## Exercise objective:
Copying rule for the data below: pictures stay out, and only the lines from the one with "Used 2015 Subaru" down to the one with "New 2026 Ford", inclusive, are repeated exactly.
Segment Start: Information
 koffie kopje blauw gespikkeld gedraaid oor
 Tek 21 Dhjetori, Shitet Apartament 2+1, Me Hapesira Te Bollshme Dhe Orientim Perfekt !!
Segment End: Information
Segment Start: Information
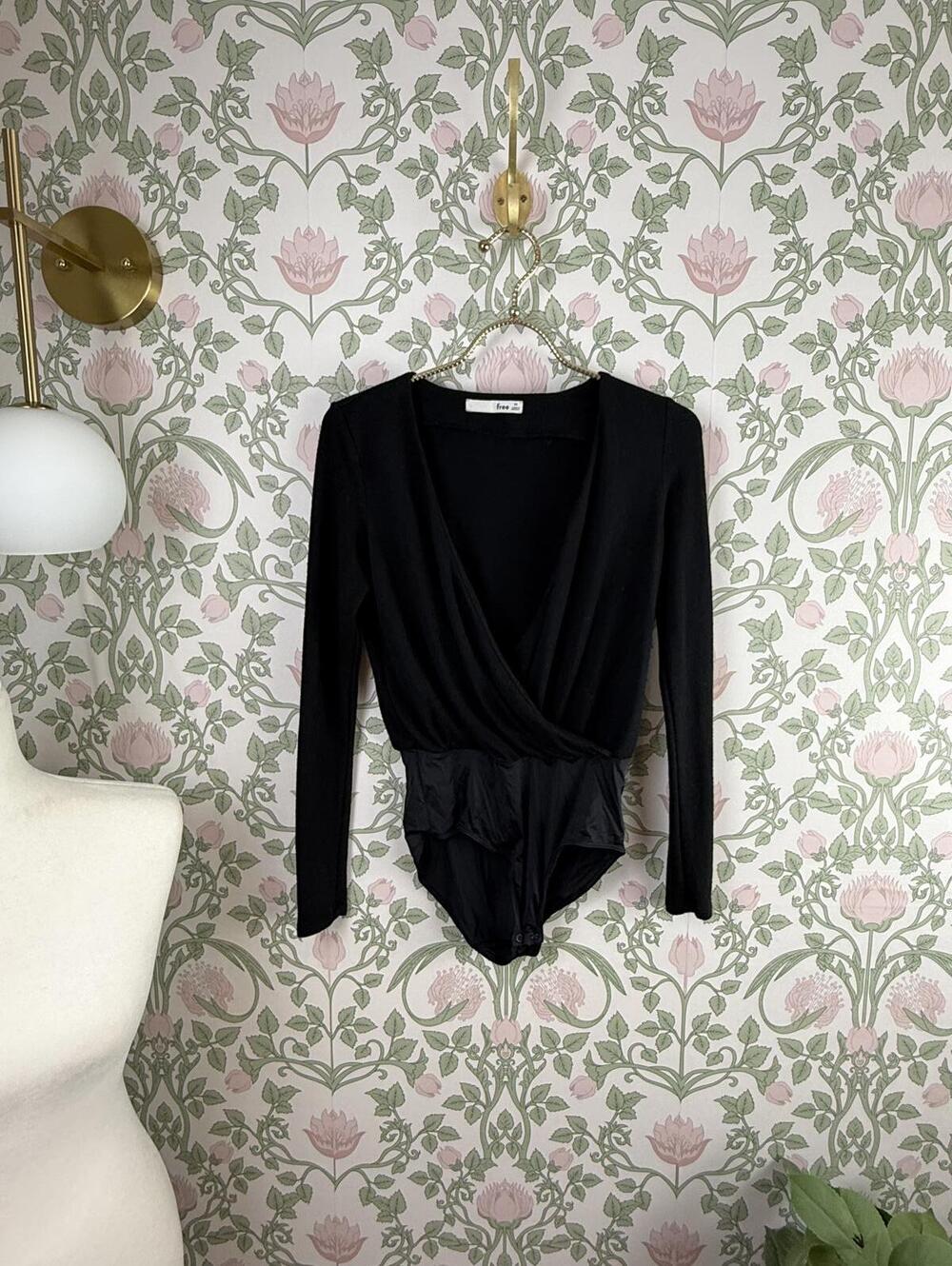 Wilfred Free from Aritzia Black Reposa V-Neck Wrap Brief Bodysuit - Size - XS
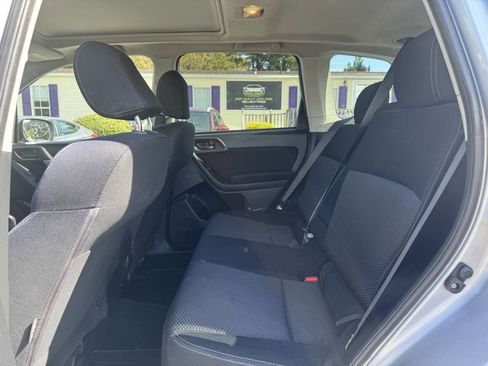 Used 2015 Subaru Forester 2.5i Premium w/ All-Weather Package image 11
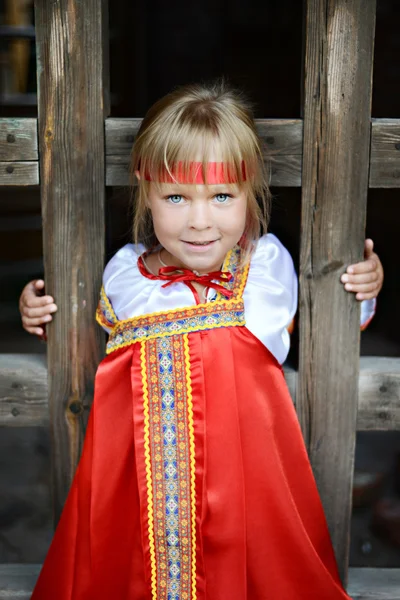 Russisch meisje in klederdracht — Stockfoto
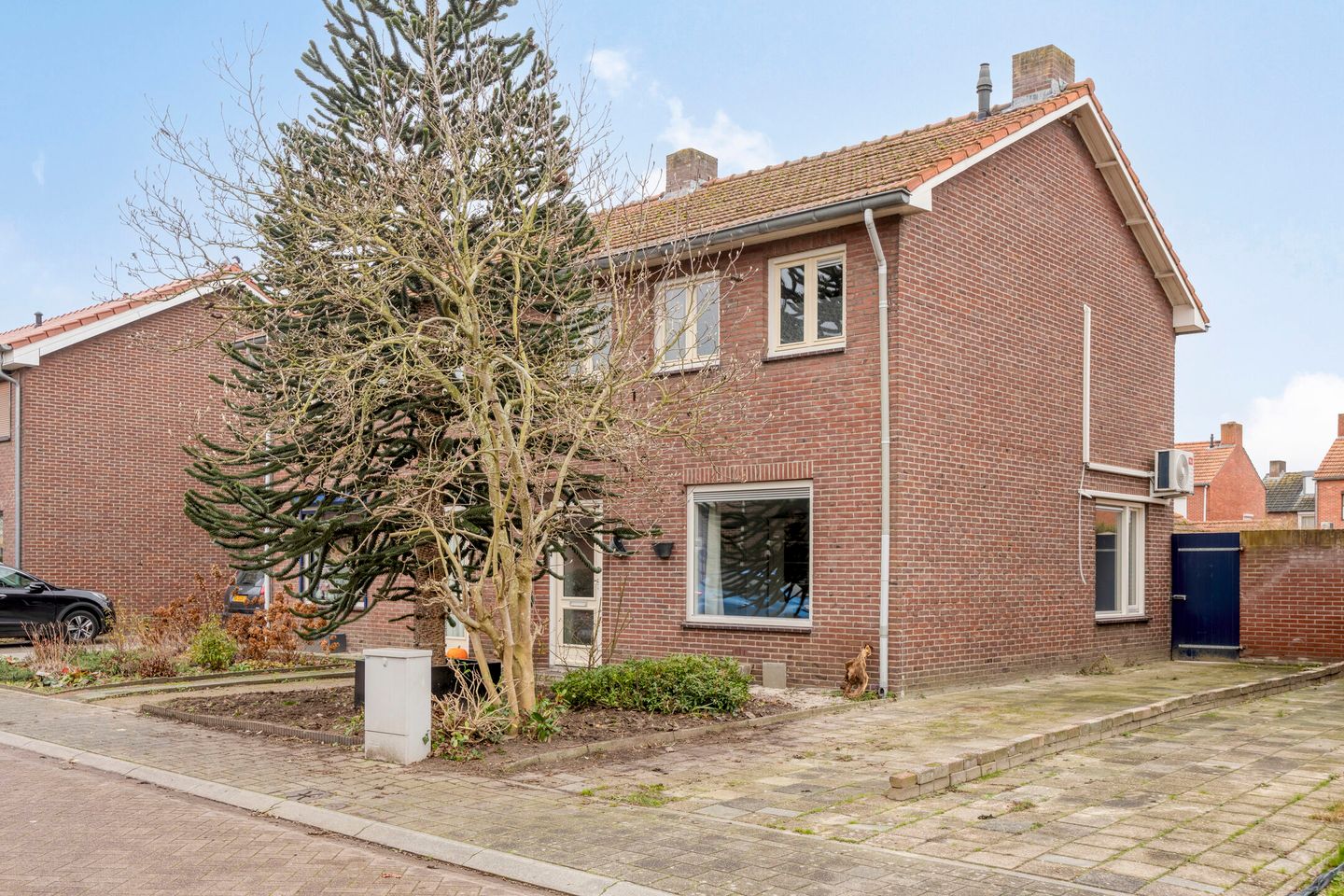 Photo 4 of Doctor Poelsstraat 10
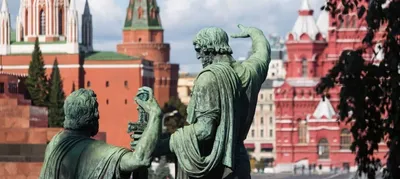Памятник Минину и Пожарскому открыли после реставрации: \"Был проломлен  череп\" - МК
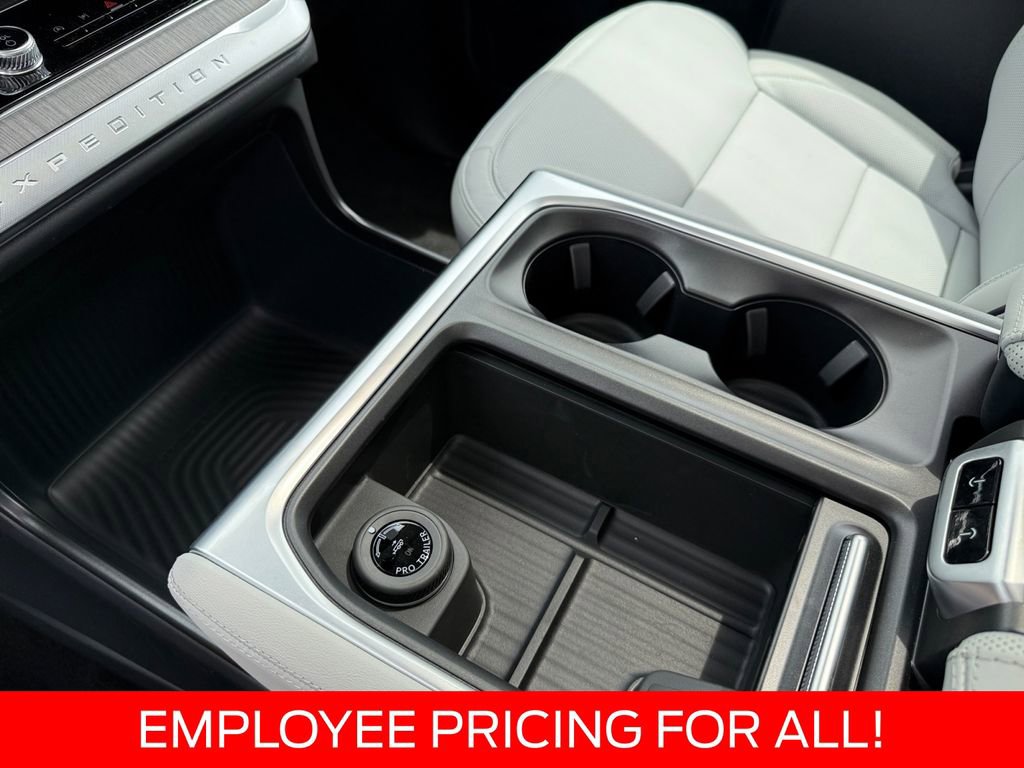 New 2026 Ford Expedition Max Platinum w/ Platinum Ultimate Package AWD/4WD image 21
Segment End: Information
Segment Start: Information
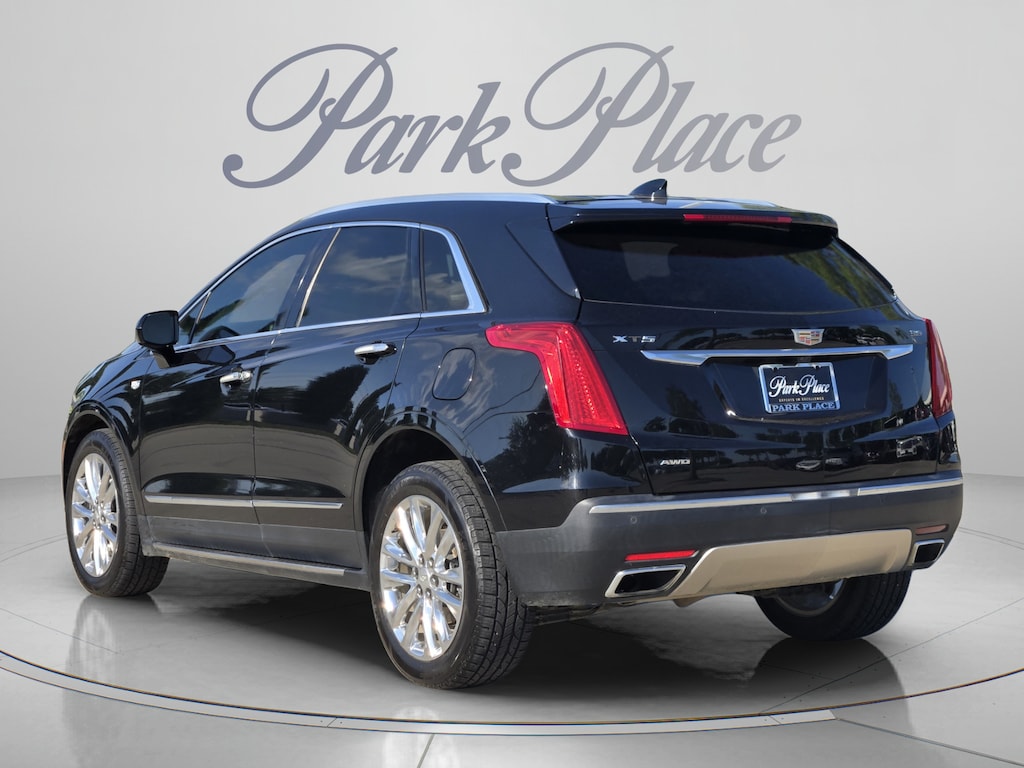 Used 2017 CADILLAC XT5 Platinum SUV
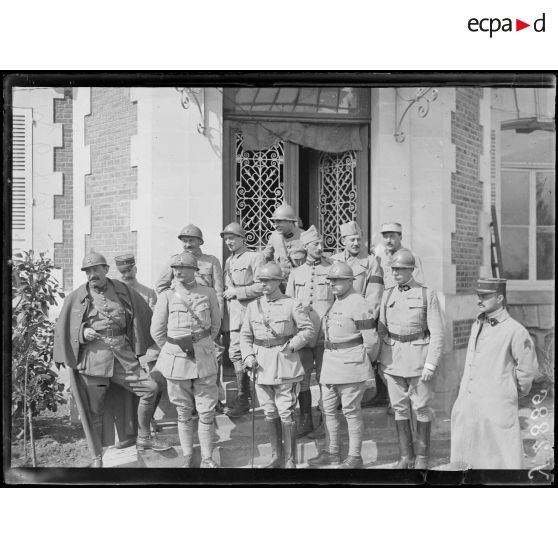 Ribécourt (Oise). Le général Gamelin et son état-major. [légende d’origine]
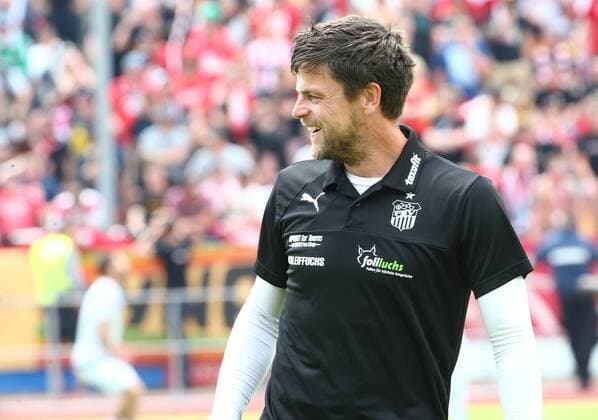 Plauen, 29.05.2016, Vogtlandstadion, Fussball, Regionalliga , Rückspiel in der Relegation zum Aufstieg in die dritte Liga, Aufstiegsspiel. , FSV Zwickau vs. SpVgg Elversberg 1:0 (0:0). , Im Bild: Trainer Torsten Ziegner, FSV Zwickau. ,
Segment End: Information
## Task output:
 Used 2015 Subaru Forester 2.5i Premium w/ All-Weather Package image 11
 Russisch meisje in klederdracht — Stockfoto
 Photo 4 of Doctor Poelsstraat 10
Памятник Минину и Пожарскому открыли после реставрации: \"Был проломлен  череп\" - МК
 New 2026 Ford Expedition Max Platinum w/ Platinum Ultimate Package AWD/4WD image 21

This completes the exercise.